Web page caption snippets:
※ ※ ※

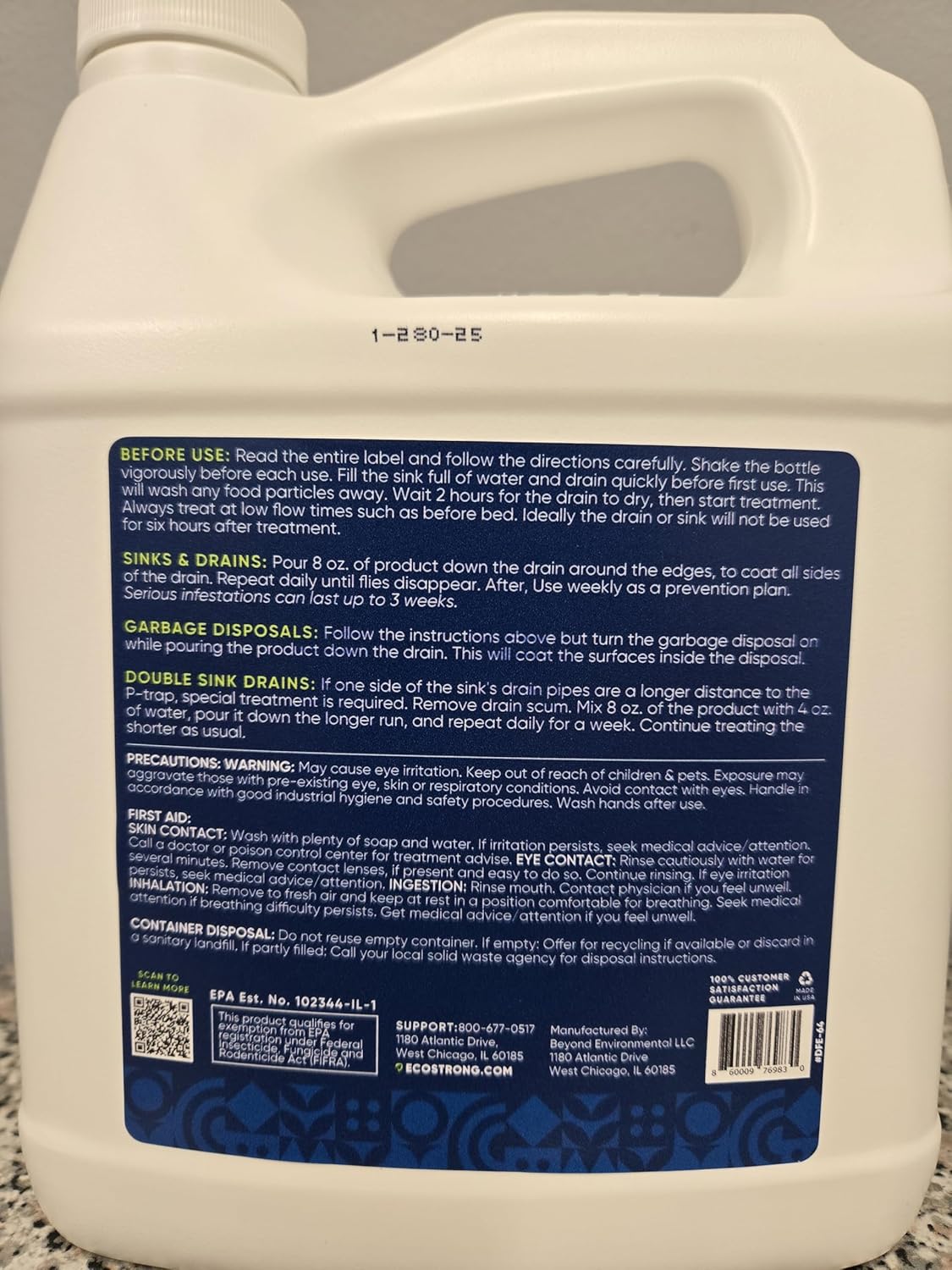 Fruit Fly Drain Treatment | Drain Fly Eliminator | All-Natural, Eliminates Gnats, Sewer Flies and More - Works in All Drains - 1 Gallon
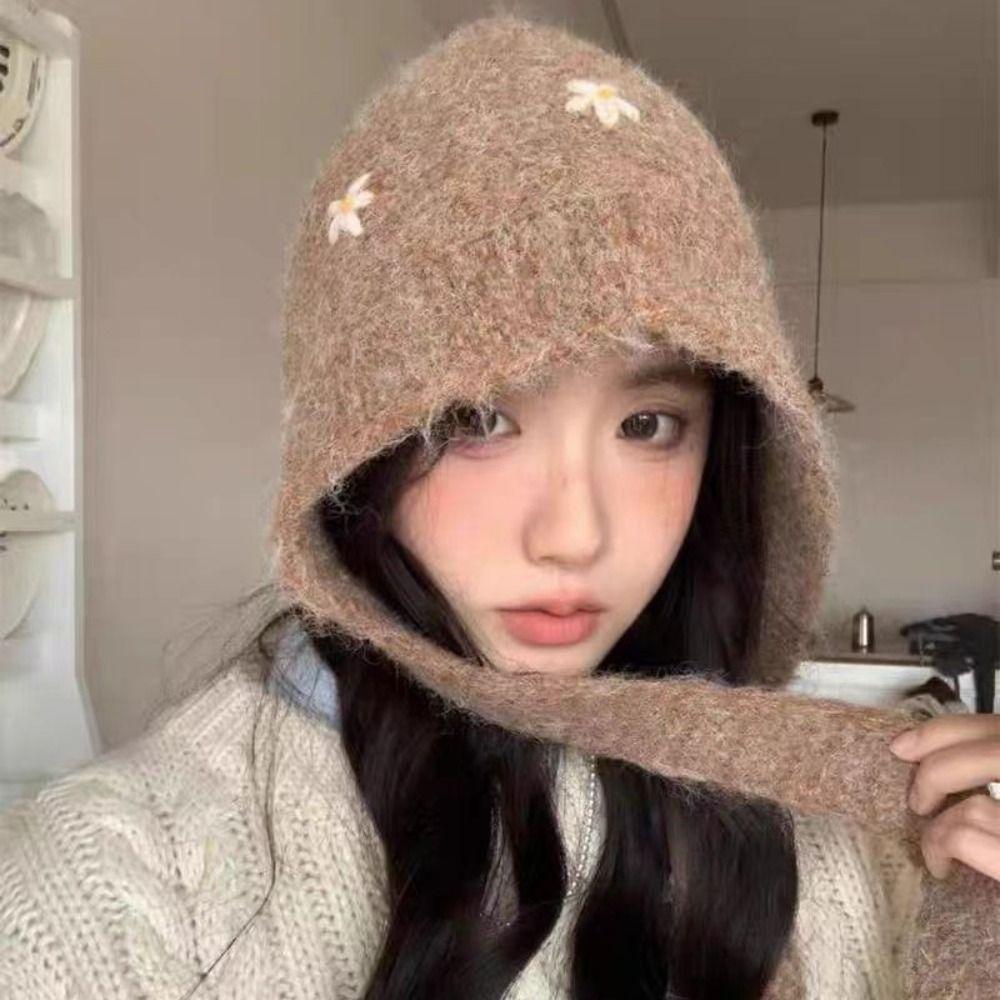 Sweet Knitted Balaclava Hat Embroidered Flowers Pullover Cap Casual Neck Collar Beanies Cap Girls
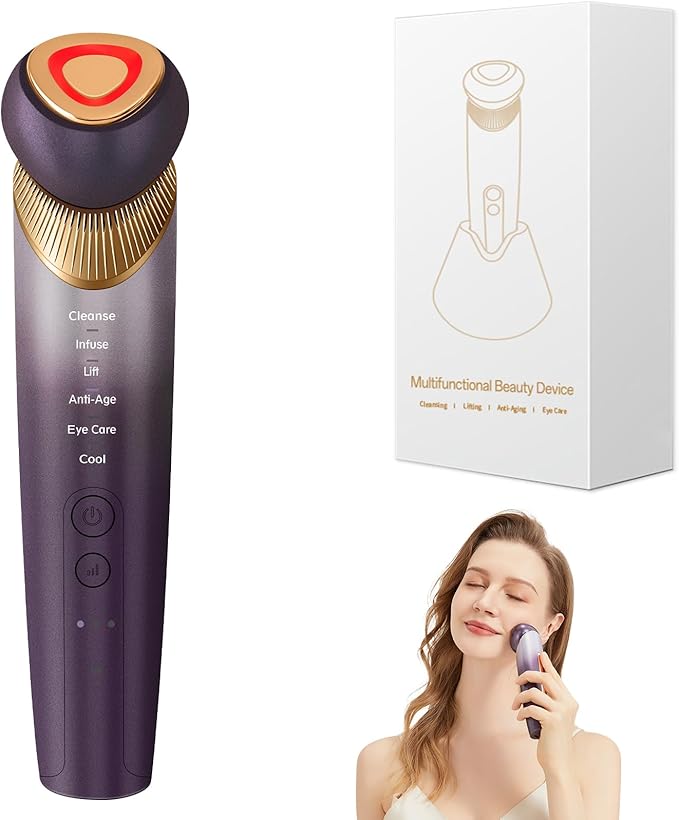 6-in-1 Age-Defying - Eye, Face & Neck Lift & Firm, 5-Color Light Therapy for Face with Microcurrent, Vibration, Heat & Cooling, Skin Care Tool for Youthful & Tightening Skin (Purple)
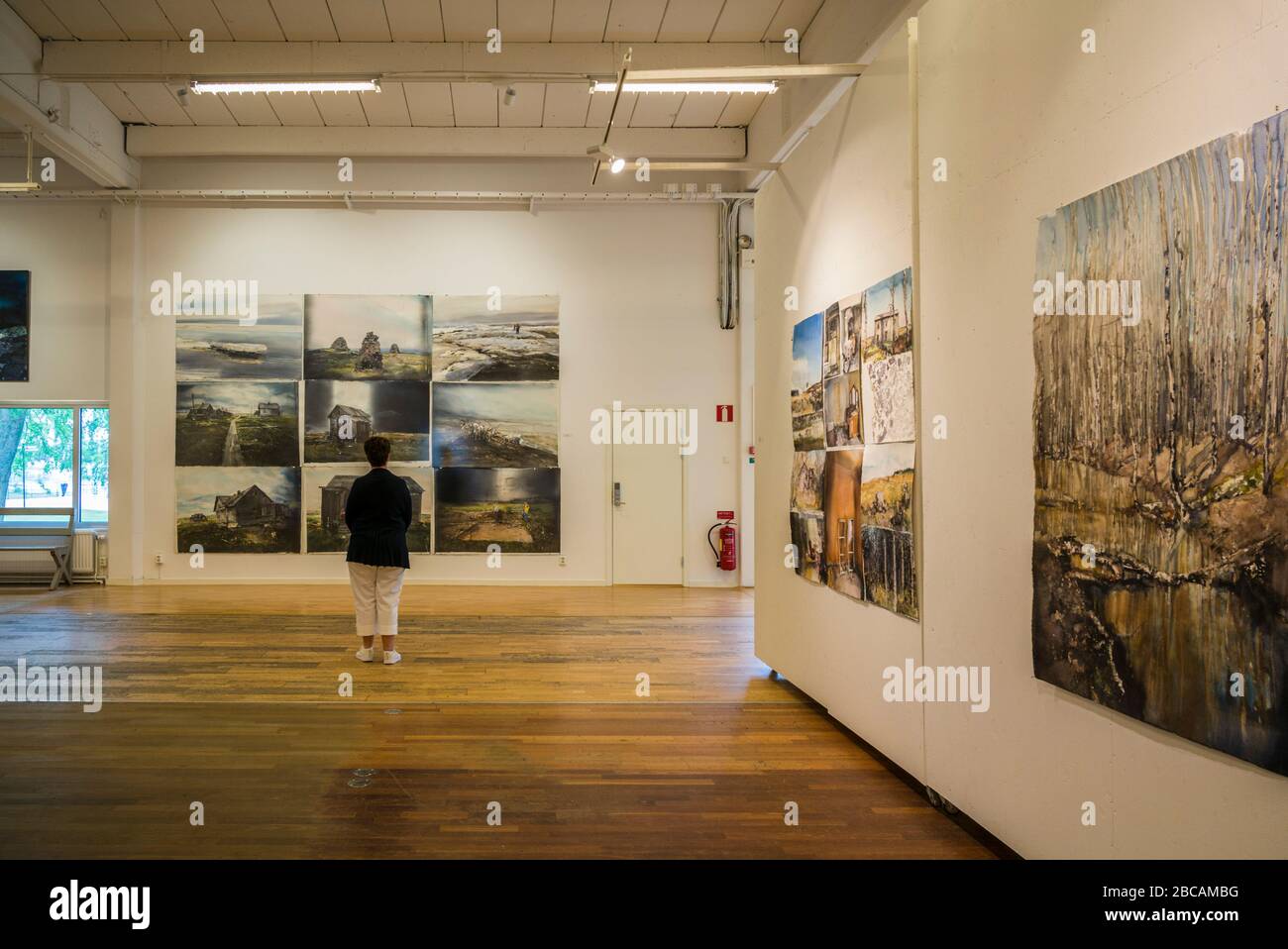 Suède, Varmland, Karlstad, Sandgrund Karlstad, ancien dancehall maintenant une galerie pour le célèbre artiste suédois Lars Lerin, intérieur avec les visiteurs, Banque D'Images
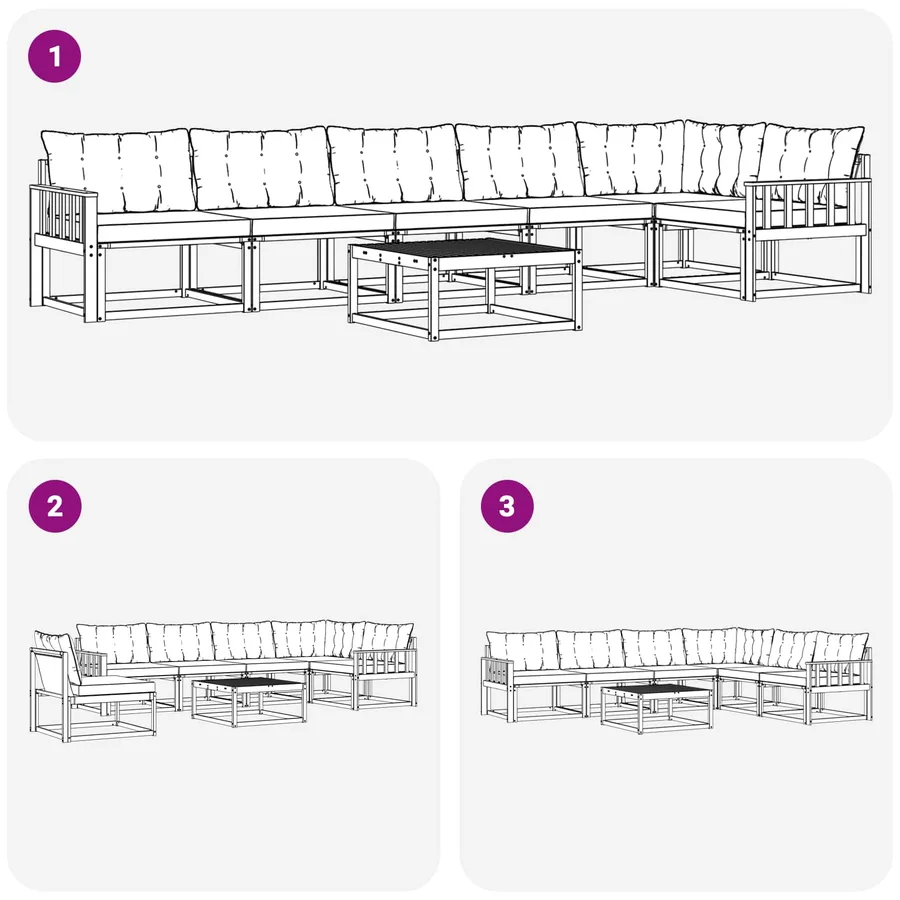 Ensemble de canapés d'extérieur 7 pcs Blanc et gris clair - 9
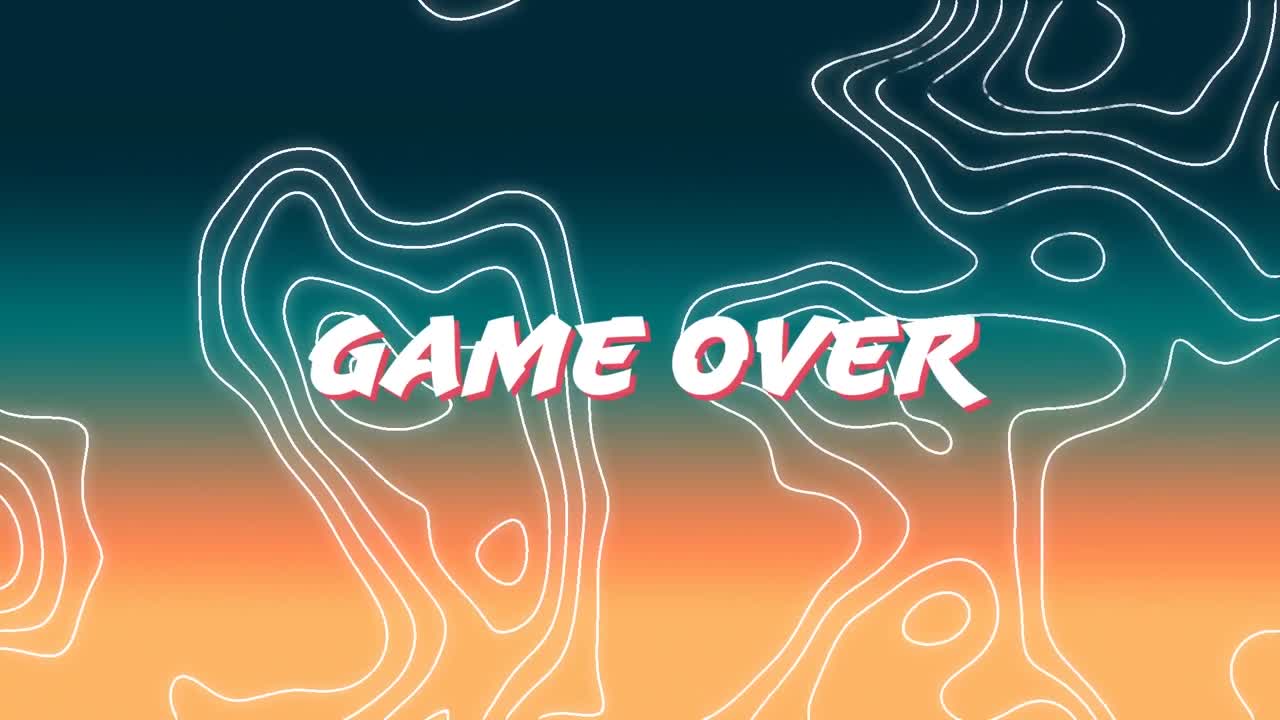 Animation of game over text in white letters over white lines
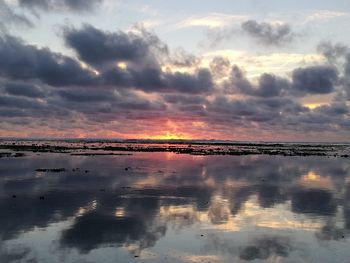 Scenic view of sea against sky at sunset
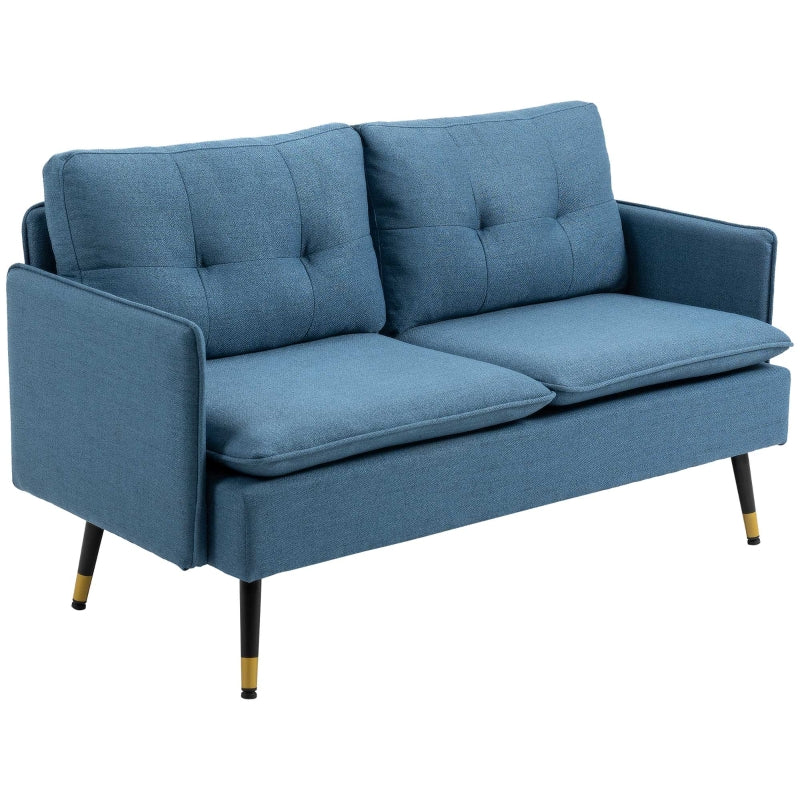 Modern Button Tufted Two Seater Sofa with Cushions and Steel Legs for Living Room, Dark Blue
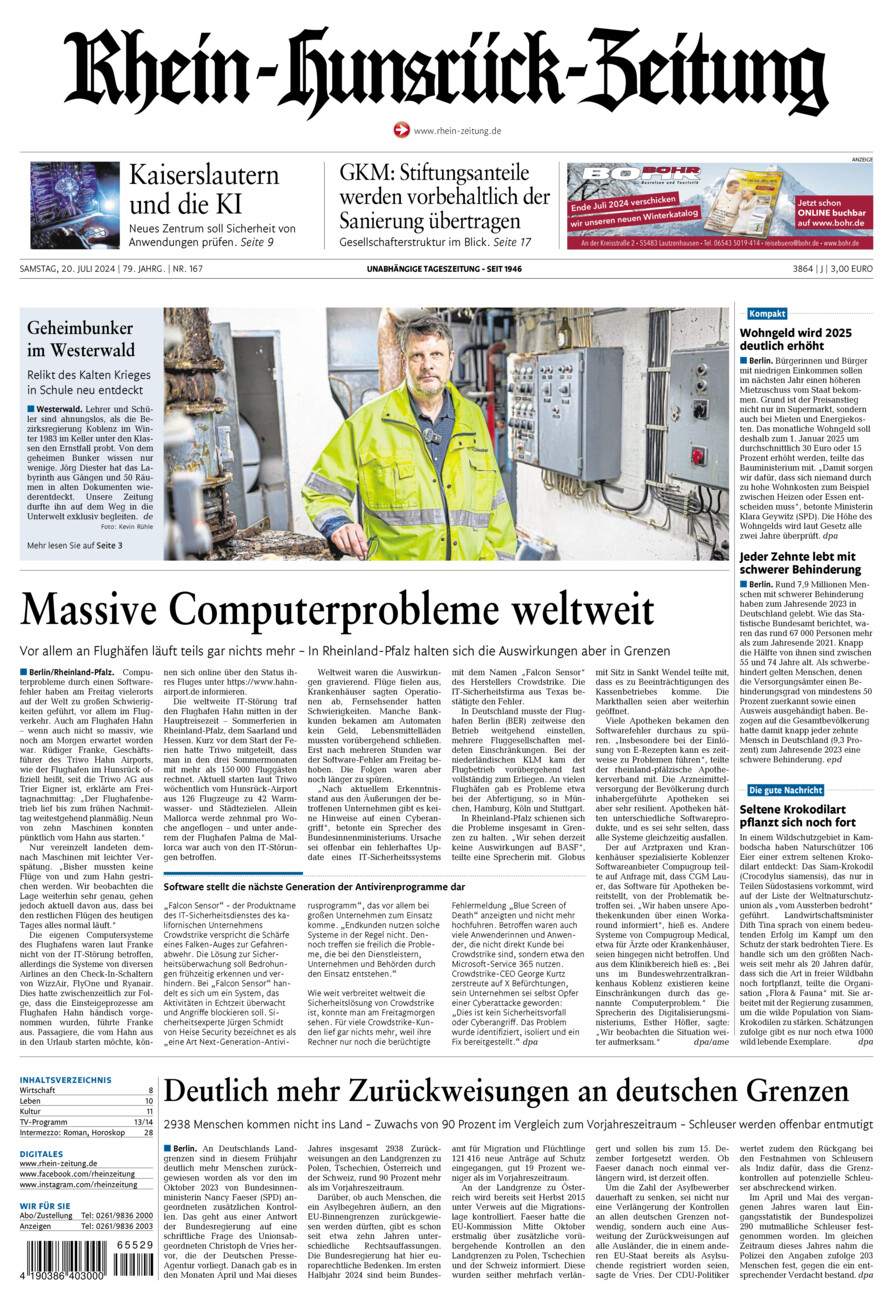 Rhein-Hunsrück-Zeitung vom Samstag, 20.07.2024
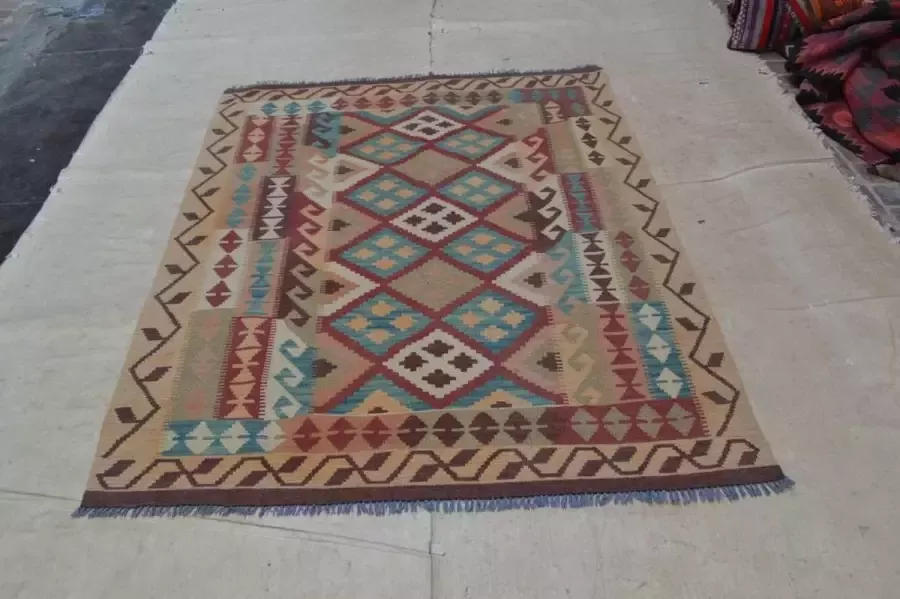 Zargar Rugs Kelim vloerkleed 152x200 Kelim tapijt Oosters vloerkleed 100% wol Handgeweven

※ ※ ※

WORK INSTRUCTION -> Copy exactly the lines from the line that has "Modern Button Tufted" through the last line of the entries above, inclusive, and no others. Pictures do not go in the copy.

WRITTEN RESPONSE ->
 Modern Button Tufted Two Seater Sofa with Cushions and Steel Legs for Living Room, Dark Blue
 Rhein-Hunsrück-Zeitung vom Samstag, 20.07.2024
 Zargar Rugs Kelim vloerkleed 152x200 Kelim tapijt Oosters vloerkleed 100% wol Handgeweven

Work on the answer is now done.